I lived in the USA for five years without health insurance, which no one who made under $40,000 a year could afford without a job that offered it, albeit after usually a 6 month waiting period. The deductibles still hovered around $500, and even if you had the option it was essentially unaffordable.

At any rate, one emergency room visit cost me $4000.00

That was when the doctor could see me for about 10 minutes after waiting I don’t know how long to see him. He simply wrote me a script for painkillers and said the surgery I needed would be $20,000 to $40,000 depending on where I went.
I immediately scheduled the surgery to happen in canada, where I paid $0.
The $4000 broke down to around $3000 for the emergency room visit, and just under $1000 for the shot of painkiller they gave me (Dilauded, it’s GREAT)
Americans have the worst health care system in the world and the UCP want to replicate that here, again, because they DO NOT care about you.

They only care about the corporate actors who fund their campaigns and will hire them AFTER they are done in politics. Harper has a cushy job paid for by the people he lined the pockets of while in office.

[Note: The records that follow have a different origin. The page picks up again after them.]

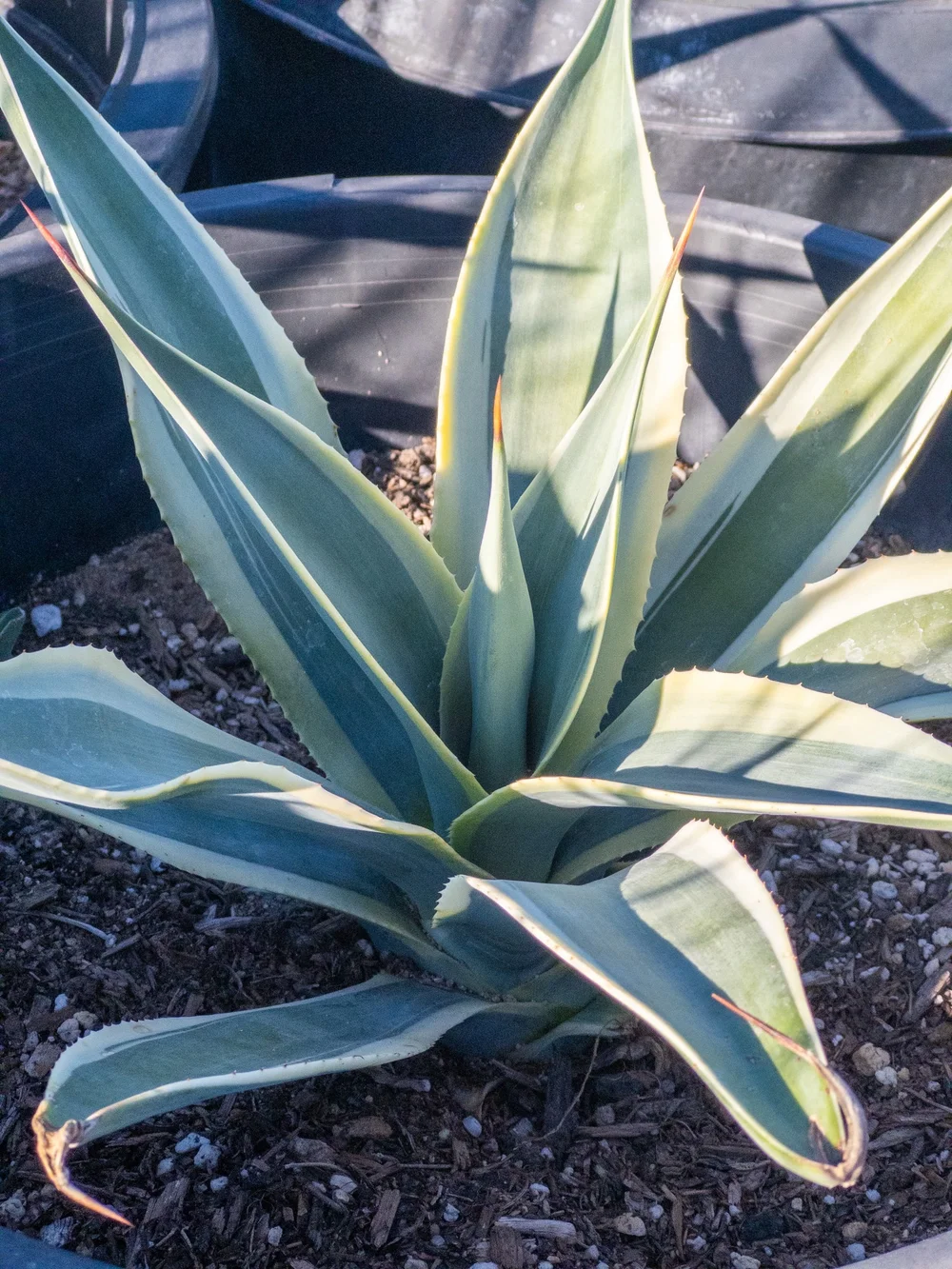 Joshua Tree | Buy Yucca brevifolia Online - Cactus World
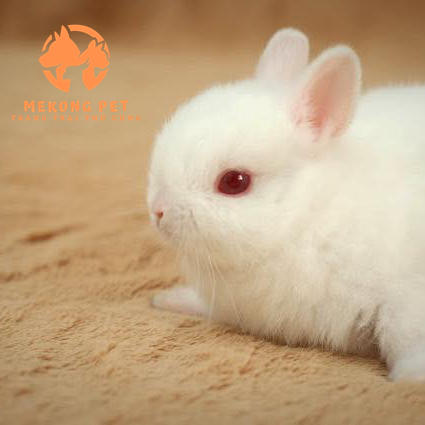 Thỏ lùn hà lan màu trắng là màu sắc được rất nhiều các bạn nhỏ yêu thích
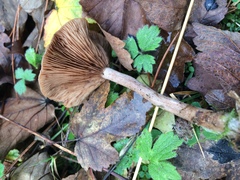 Pseudoclitocybe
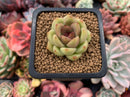 Echeveria Agavoides 'Black Rose' 1"-2" Succulent Plant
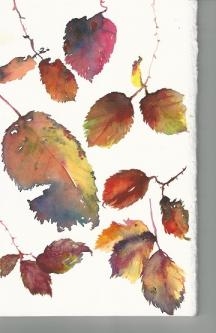 Brightly coloured bramble leaves in Autumn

They do not care about you. You are meaningless to them, whether you repeat their taglines and be on their team or not.

ewingbt

UCP plan:
– – Degrade the medical services in this province so the taxpayer jumps for a private sector healthcare! It is all unfolding before your eyes, but everyone is sitting back, yawning and thinking, what is all the kerfuffle about . . . !!!???
It is all about our healthcare system being destroyed and inaccessible to many Albertans. The UCP has being on a mission to turn the AHS into a private sector run corporation, along with their EMS services and that is why the EMS dispatch centralization is only the beginning!
Anyone who was paying attention to the news and the hospitals in the US going into bankruptcy or serious financial hardships due to COVID and the cancellation of all their money making surgeries should wake-up and realize we are in trouble if we allow this government to tear down our health-care system . . . not sure why they call it healthcare anymore, because under this government, it is all about the bottom dollar and not lives . . . lives mean nothing, we are expendable . . . thinning of the herds!
The AHS run SCS generated addicts while slowly killing many off! The AHS is forcing our community paid EMS services to be dispatched by people 150 – 350 miles away, using mapping technology (glorified Google Maps – – who many were lead astray by it) that do not have knowledge of the landmarks, the coulee trails, the fastest way to get from point A to B, all because they think they will save $6 million provincially, while their new dispatch center already cost $13 million and now many communities that were forced into their plan want out after increased costs, degradation of their EMS responses and the AHS not being accountable . . . it is like a Nazi regime is now in control in this province!!!
Why do we vote if they do not listen? Dictators . . . and everyone is sitting back and saying ho-hum . . . nothing we can do about it!!!
Say good-bye to your free healthcare and prepare to pay for every visit to the doctors . . . and what will you do when your hospital or clinic goes bankrupt!!!
Most of the clinics in the city are already run by a US company!!!
Wake up . . . I say again . . . Wake up!!